'''
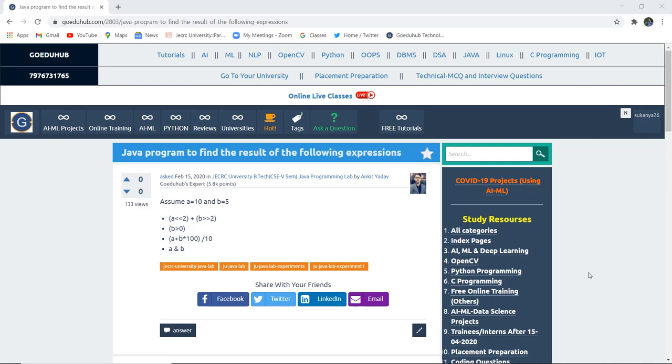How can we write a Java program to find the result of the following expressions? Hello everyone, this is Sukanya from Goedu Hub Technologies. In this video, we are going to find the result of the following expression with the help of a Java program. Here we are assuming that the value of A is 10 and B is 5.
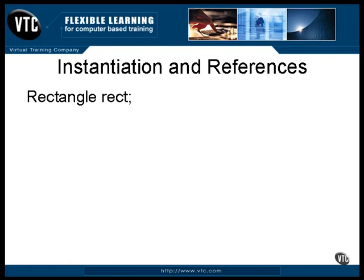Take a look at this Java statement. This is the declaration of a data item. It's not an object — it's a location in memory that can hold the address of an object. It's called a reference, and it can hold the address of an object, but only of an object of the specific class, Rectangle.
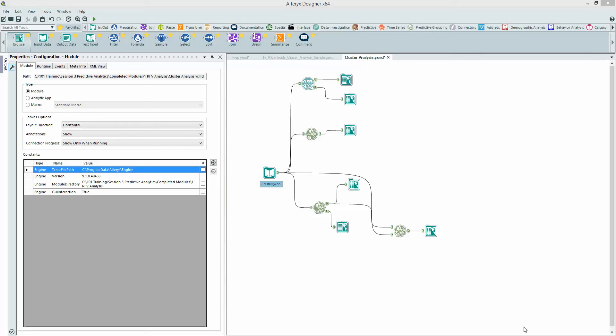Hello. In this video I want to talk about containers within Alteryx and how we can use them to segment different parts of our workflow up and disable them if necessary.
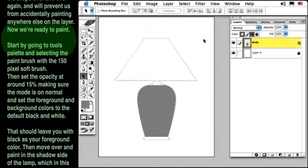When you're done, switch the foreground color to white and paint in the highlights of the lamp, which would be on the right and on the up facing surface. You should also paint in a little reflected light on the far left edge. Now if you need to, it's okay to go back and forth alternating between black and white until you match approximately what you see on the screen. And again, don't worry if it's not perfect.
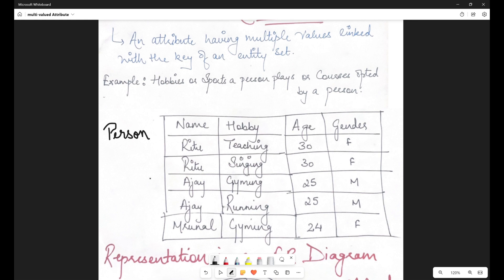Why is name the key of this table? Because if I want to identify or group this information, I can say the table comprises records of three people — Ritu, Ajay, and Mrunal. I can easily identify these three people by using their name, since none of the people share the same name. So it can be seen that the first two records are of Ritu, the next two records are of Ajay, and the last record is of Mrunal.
'''
'''
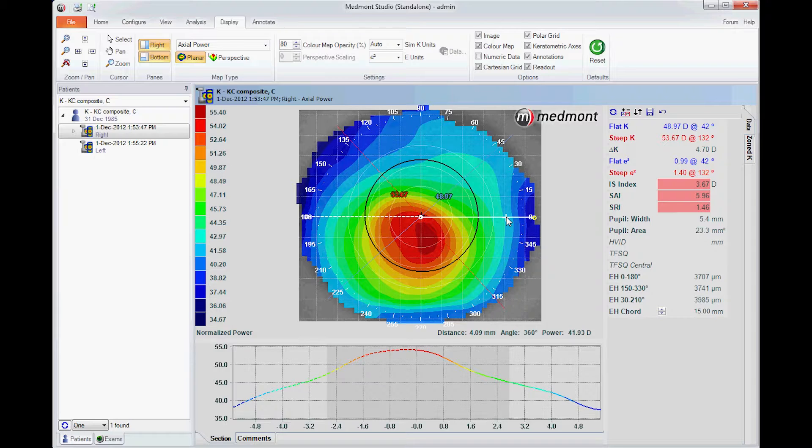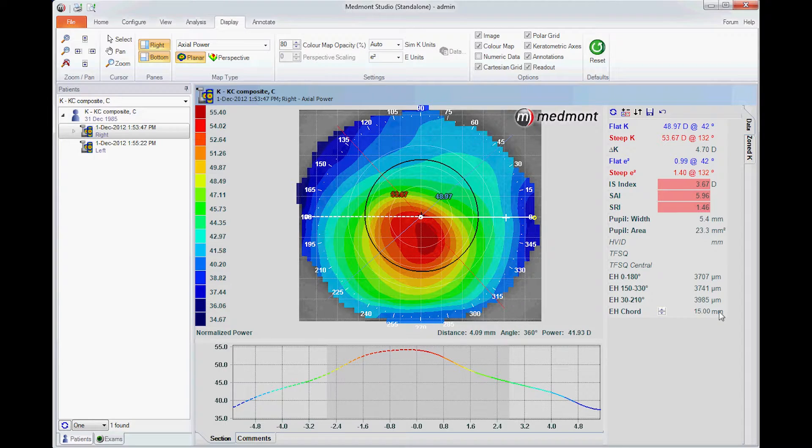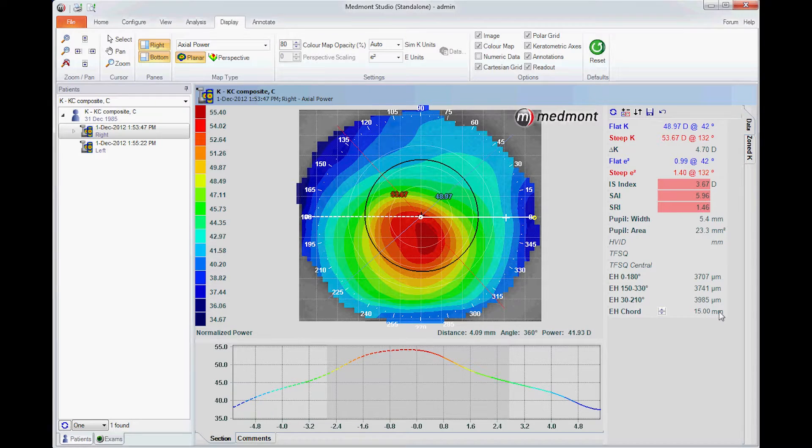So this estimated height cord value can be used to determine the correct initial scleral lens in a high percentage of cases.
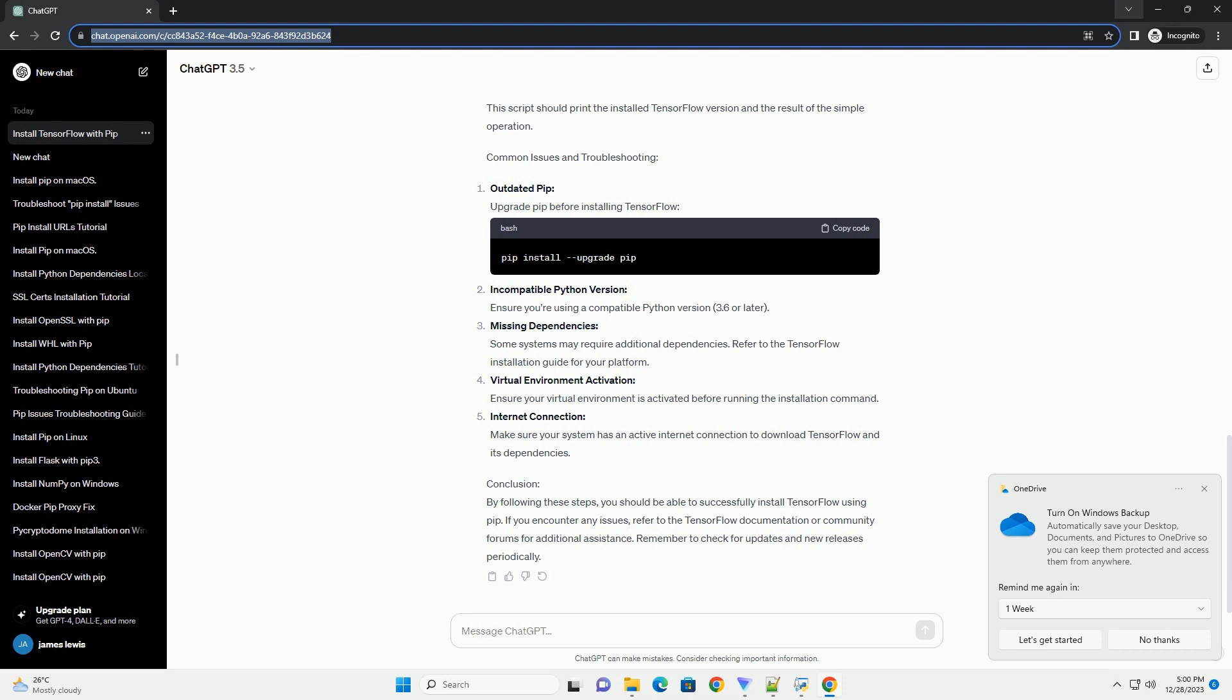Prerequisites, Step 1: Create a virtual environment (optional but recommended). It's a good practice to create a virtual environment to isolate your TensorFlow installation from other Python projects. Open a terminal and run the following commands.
'''
Would you copy, word for word, only the lines above from the one containing "How can we write" through the one containing "When you're done, switch", both included, and please leave out the pictures?

How can we write a Java program to find the result of the following expressions? Hello everyone, this is Sukanya from Goedu Hub Technologies. In this video, we are going to find the result of the following expression with the help of a Java program. Here we are assuming that the value of A is 10 and B is 5.
Take a look at this Java statement. This is the declaration of a data item. It's not an object — it's a location in memory that can hold the address of an object. It's called a reference, and it can hold the address of an object, but only of an object of the specific class, Rectangle.
Hello. In this video I want to talk about containers within Alteryx and how we can use them to segment different parts of our workflow up and disable them if necessary.
When you're done, switch the foreground color to white and paint in the highlights of the lamp, which would be on the right and on the up facing surface. You should also paint in a little reflected light on the far left edge. Now if you need to, it's okay to go back and forth alternating between black and white until you match approximately what you see on the screen. And again, don't worry if it's not perfect.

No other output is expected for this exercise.